All related party transactions were in the normal course of operations. All amounts owing to related parties are non-interest bearing and due on demand.
Compensation of Key Management
The Company has determined that key management personnel consist of its managers, officers and directors. In addition to salaries and fees paid to key management personnel, these groups also participate in the stock option plan. The total compensation expense, including salaries, fees and stock-based compensation relating to key management personnel for the years ended September 30, 2024 and 2023, was as follows:
| 2024 | 2023 | |
|---|---|---|
| Salary, fees and other benefits | 400,722 | 356,854 |
| Share-based compensation | - | 197,337 |
| 400,722 | 554,191 |
Financial Instruments
The Company’s financial instruments consist of cash, accounts payable and accrued liabilities, and loans from related parties. Unless otherwise noted, management’s of the opinion that the Company is not exposed to significant interest, currency or credit risks arising from these financial instruments. The Company’s cash is recorded at its fair value, and the fair values of these accounts payable and accrued liabilities, and loans from related parties approximate their carrying values due to their short-term nature.

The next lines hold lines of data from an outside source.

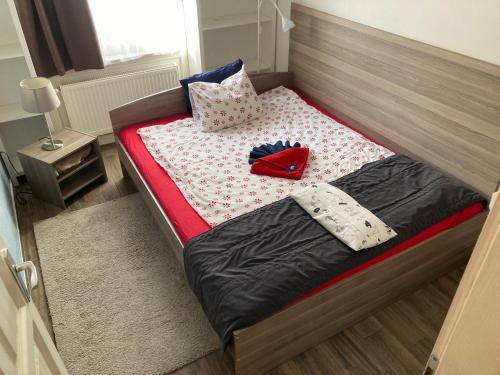 NN Apartmanette - image 12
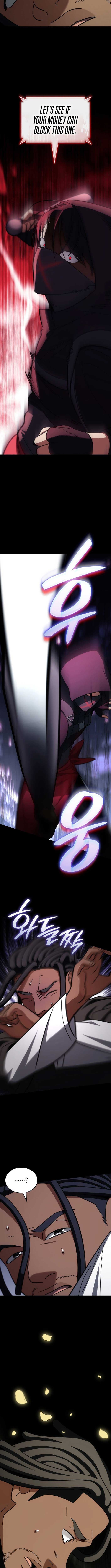 Page https://readmanhwaverse.com/images/i-am-with-the-music-immortals/chapter-83/ch_83_11.jpg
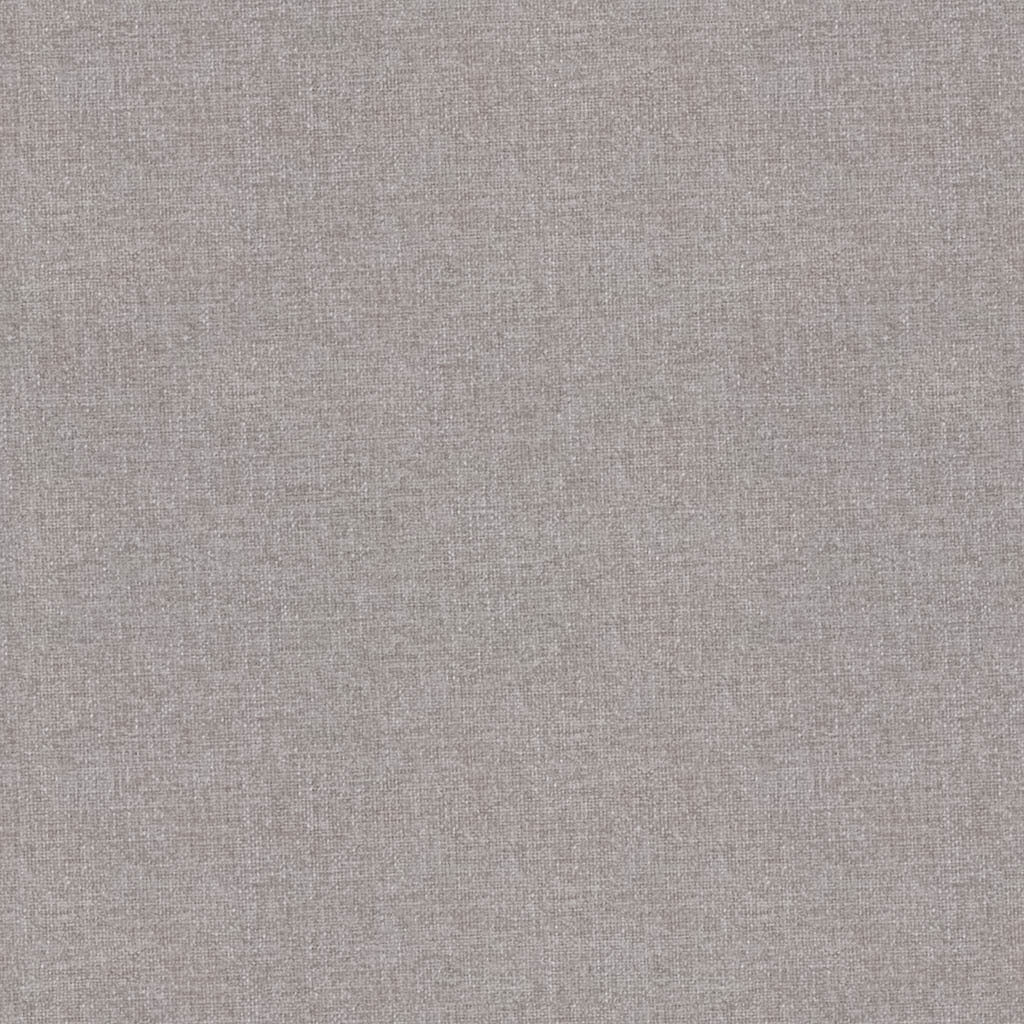 Winona Upholstered Bench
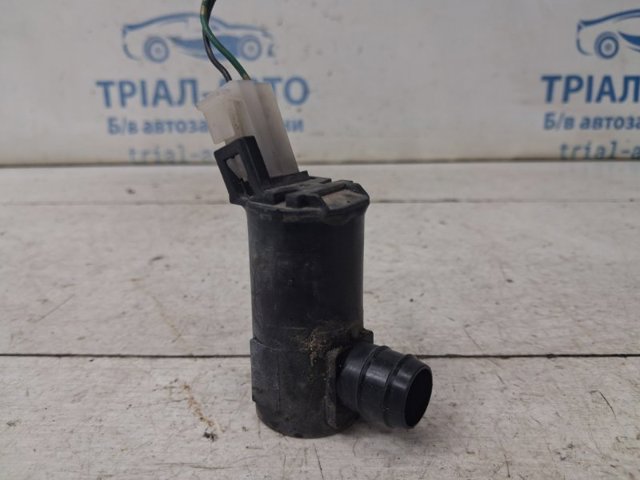 Сопло омивача лобового скла MN169829 MITSUBISHI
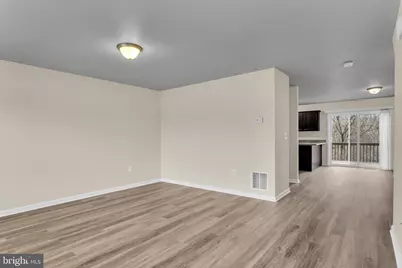 980 Gregs Drive, Harrisburg, PA 17111 - Photo 14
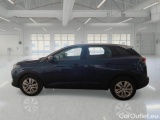  Peugeot  3008 PEUGEOT  / 2020 / 5P / SUV BLUEHDI 130 EAT8 SeS ACTIVE BUSINESS (AUTOCARRO) #8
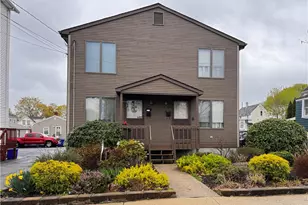 194 Progress Ave, Providence, RI 02909 - Photo 2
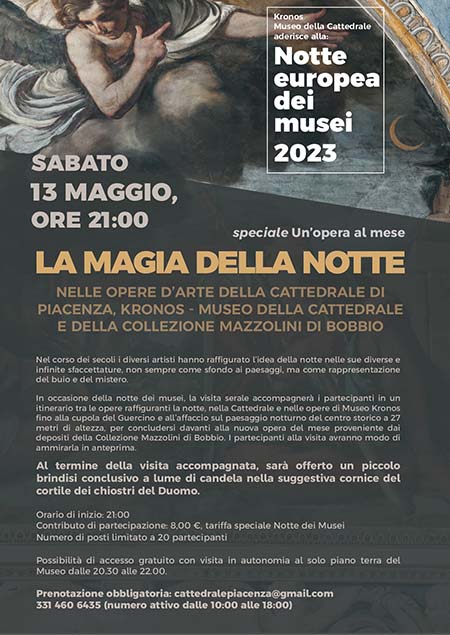 locandina notte dei musei 01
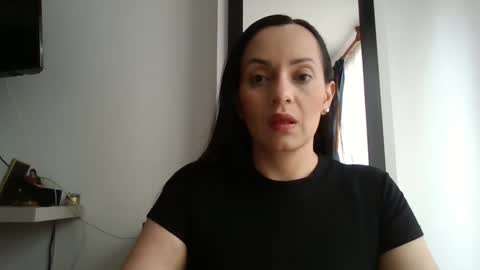 sarita_start online show from September 14, 8:08 pm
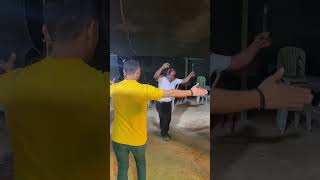 Uğur Torun Adem Torun Ci̇mdalli Resimi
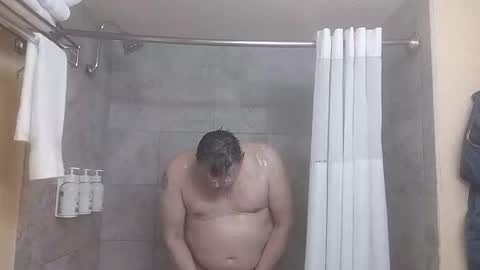 david_stone1969 online show from December 22, 2024, 1:44 pm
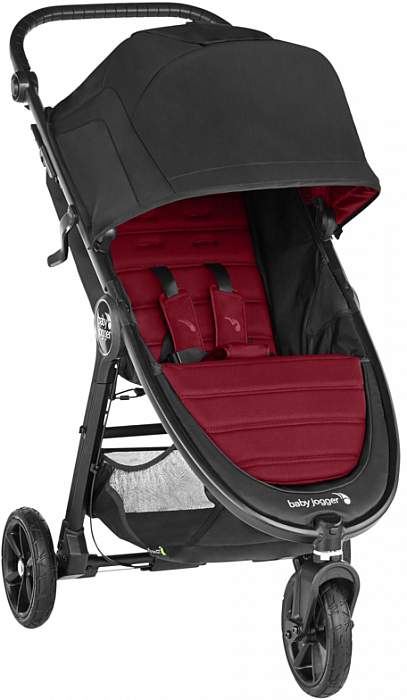 Baby Jogger City Mini GT2 2019 Stroller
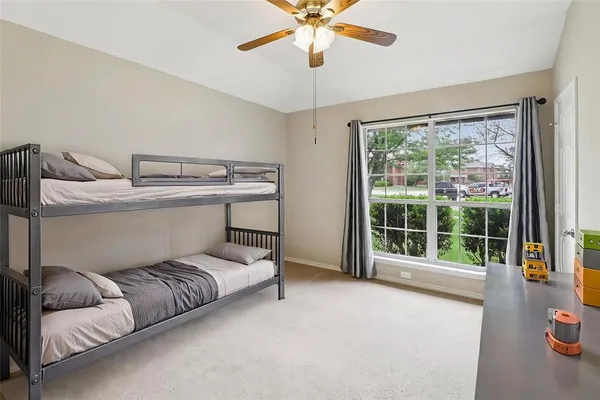 $400,000 | 8205 Danbury Court, Rowlett, TX 75089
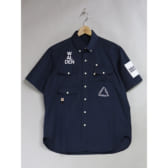 MOUNTAIN-RESEARCH-Fishermans-Shirt-SS-Navy-168x168
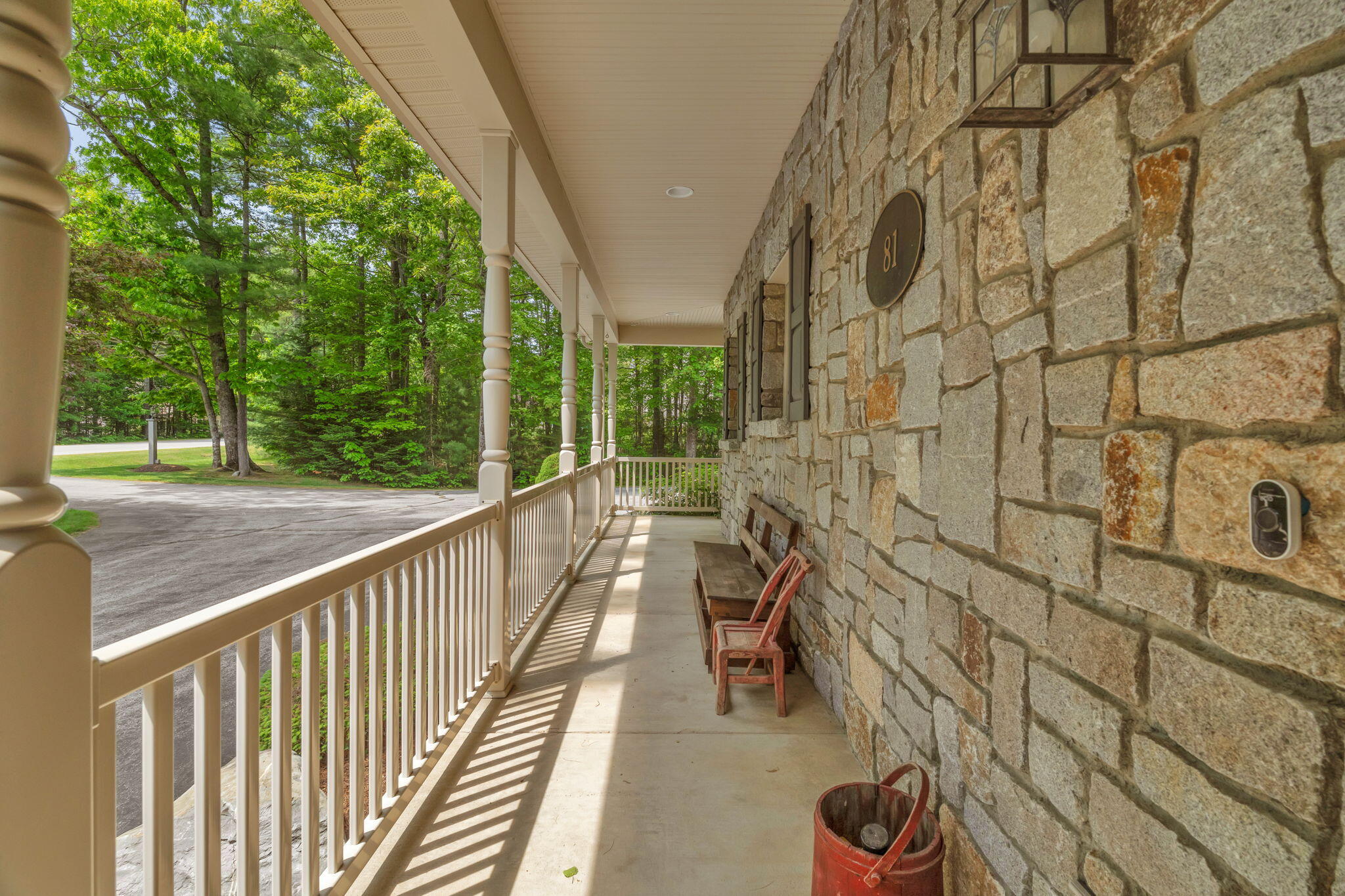 81 Aarons Way Hampden, ME 04444 - Photo 70 of 103 71-web-or-mls-81-aarons-way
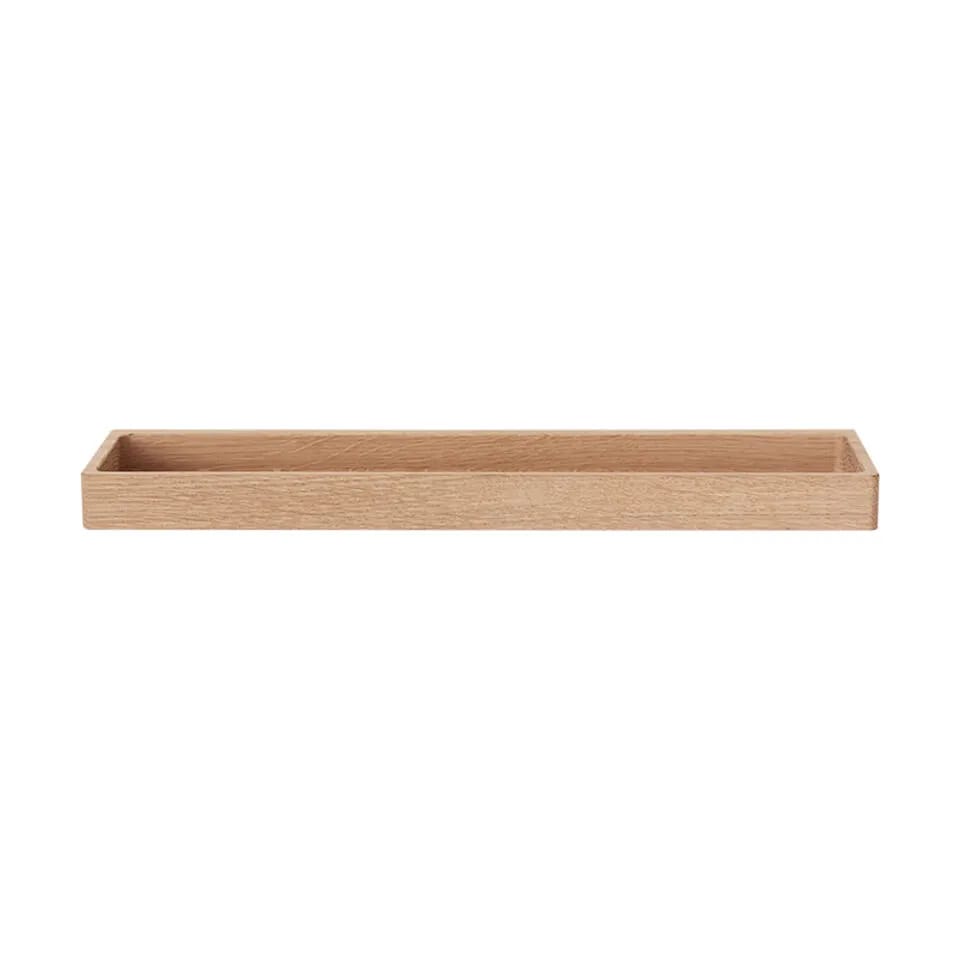 Andersen Furniture Hylder Hylde i 44 cm, 1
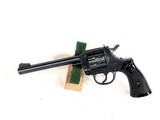 H&R 929 22LR - 2 of 7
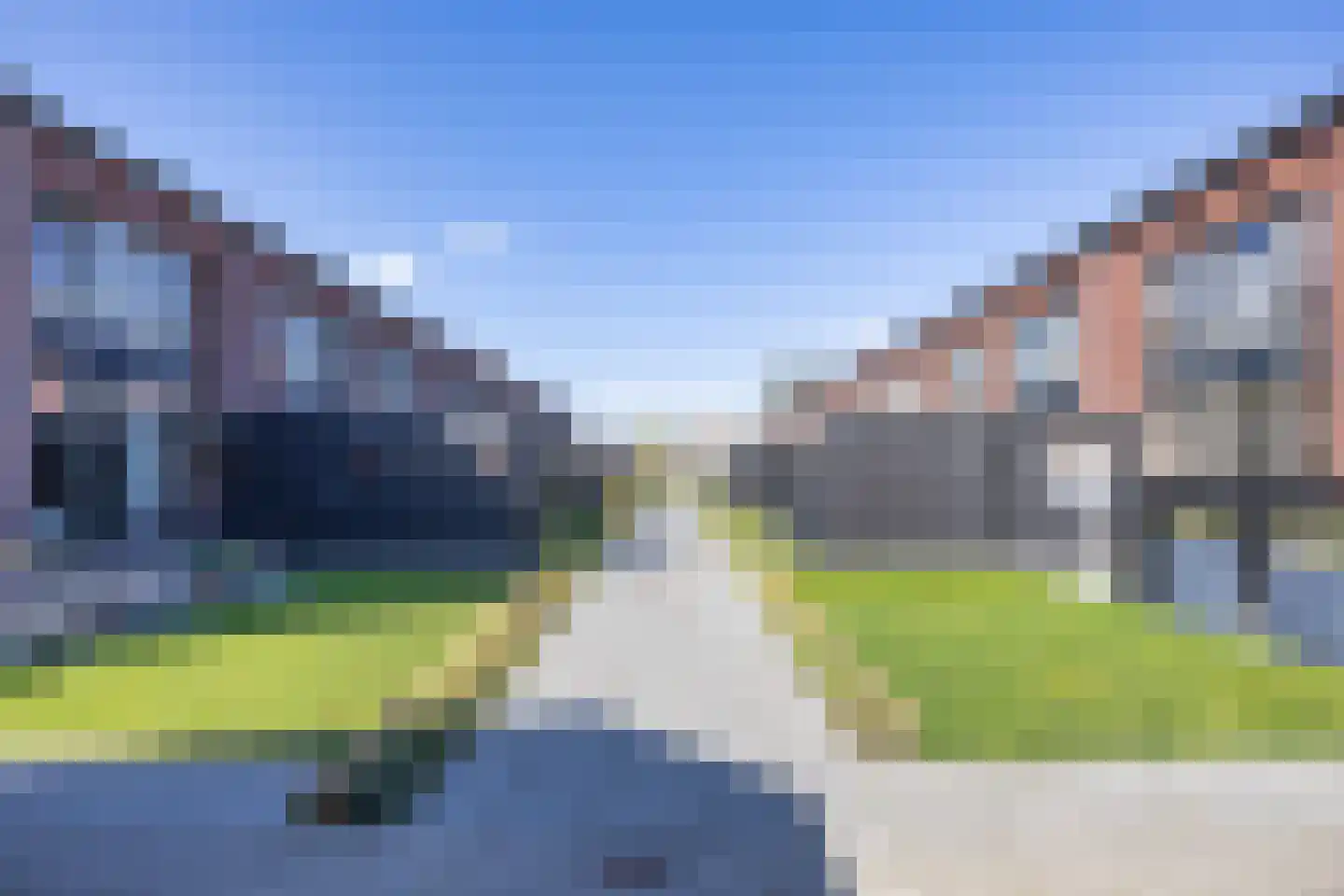 Broukade 6 Leeuwarden thumbnail 38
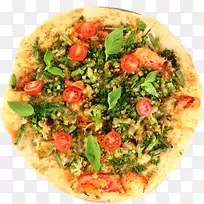 ±ÈÈø±ý£¬Ó¡¶È²Ë£¬ÍÁ¶úÆä²Ë£¬²ÍÌüʳÆ×-±ÈÈø±ý-¿ÕÈôÍø ±ÈÈø±ý£¬Ó¡¶È²Ë£¬ÍÁ¶úÆä²Ë£¬²ÍÌüʳÆ×-±ÈÈø±ý-¿ÕÈôÍø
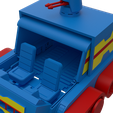 2.png ATTACK TRACK FILMATION MODEL 2.0 - MASTERS OF THE UNIVERSE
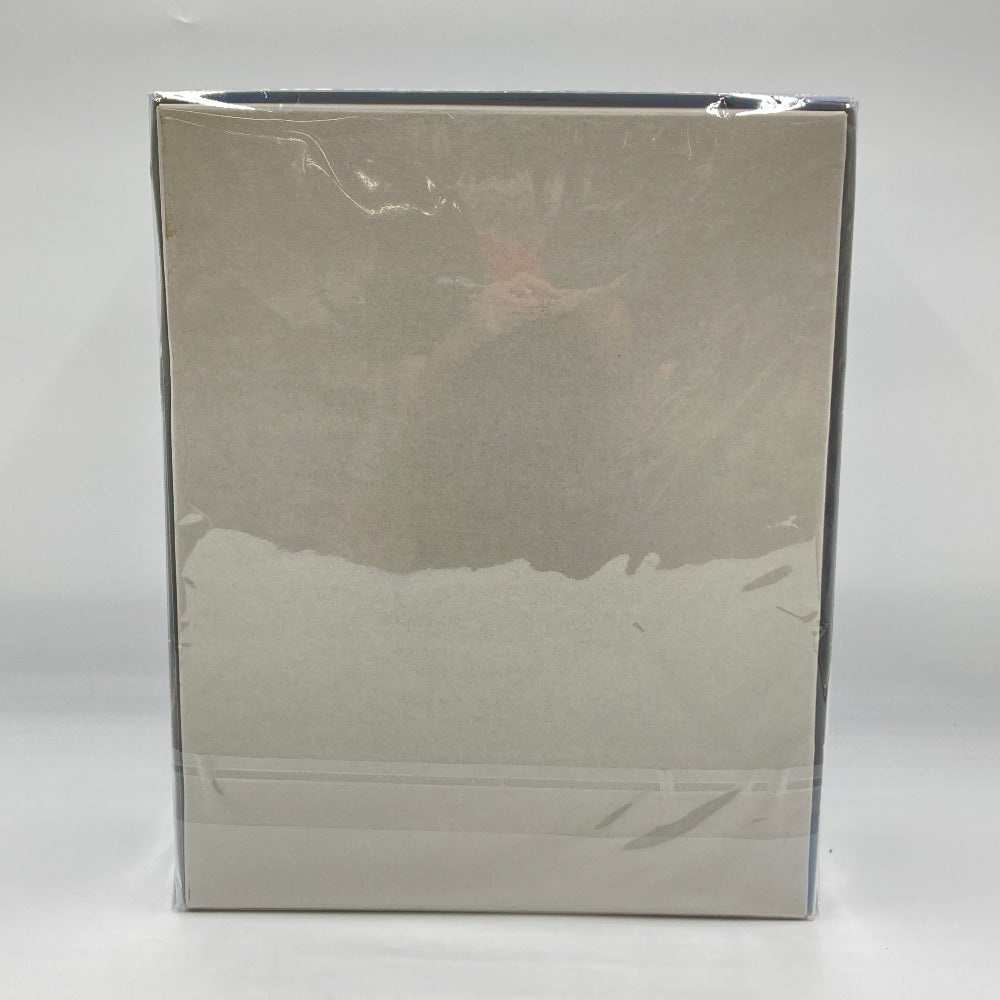 1/100 フルメカニクス エールカラミティガンダム 「機動戦士ガンダムSEED ECLIPSE」 プレミアムバンダイ限定 [5063598] BANDAI SPIRITS バンダイスピリッツ プラモデル 未組立品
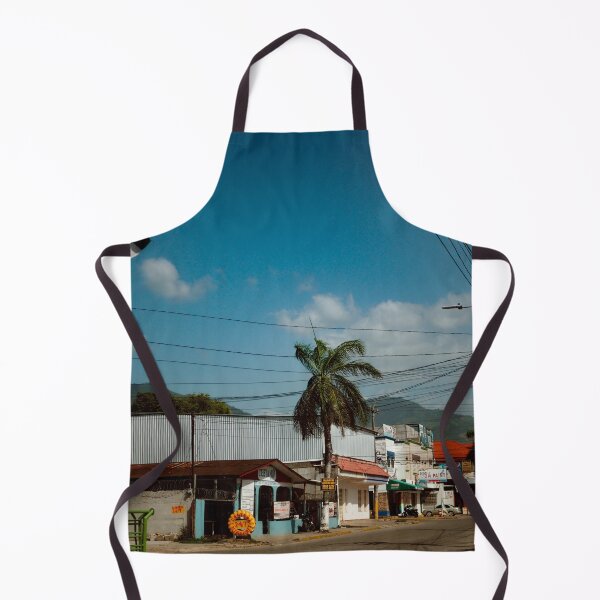 Item preview, El Progreso, Honduras designed and sold by Axsell64.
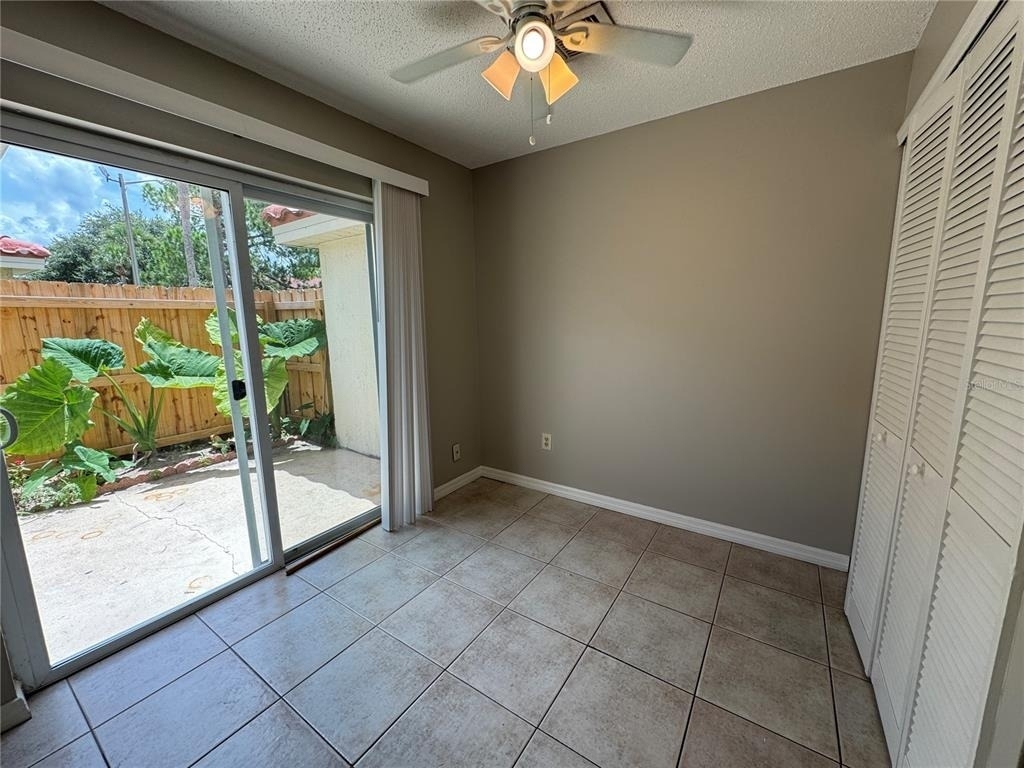1643 Sandy Point Square - Photo 19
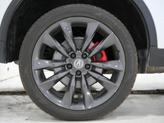 Thumbnail of 2022 Platinum White Pearl Acura MDX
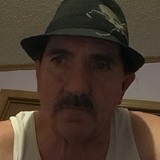 Vanover19Lt from Williamstown | Man | 67 years old | Taurus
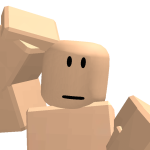 @Bubb1es_RBLX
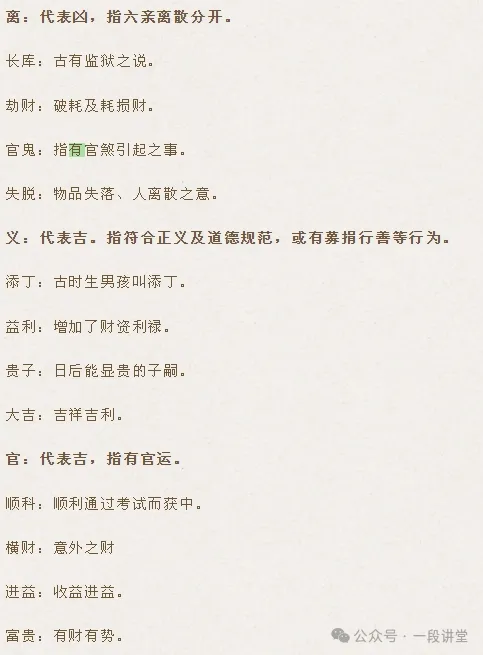 三分钟学会用【鲁班尺】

Critical Judgments and Estimates
The following are the critical judgments that management has made in the process of applying the Company’s accounting policies and that have the most significant effect on the amounts recognized in these consolidated financial statements:
i) Impairment of property, plant and equipment
Judgments are required to assess when impairment indicators, or reversal indicators, exist and impairment testing is required. In determining the recoverable amount of assets, in the absence of quoted market prices, impairment tests are based on estimates of reserves, production rates, future precious metals prices, future costs, discount rates, market value of land and other relevant assumptions.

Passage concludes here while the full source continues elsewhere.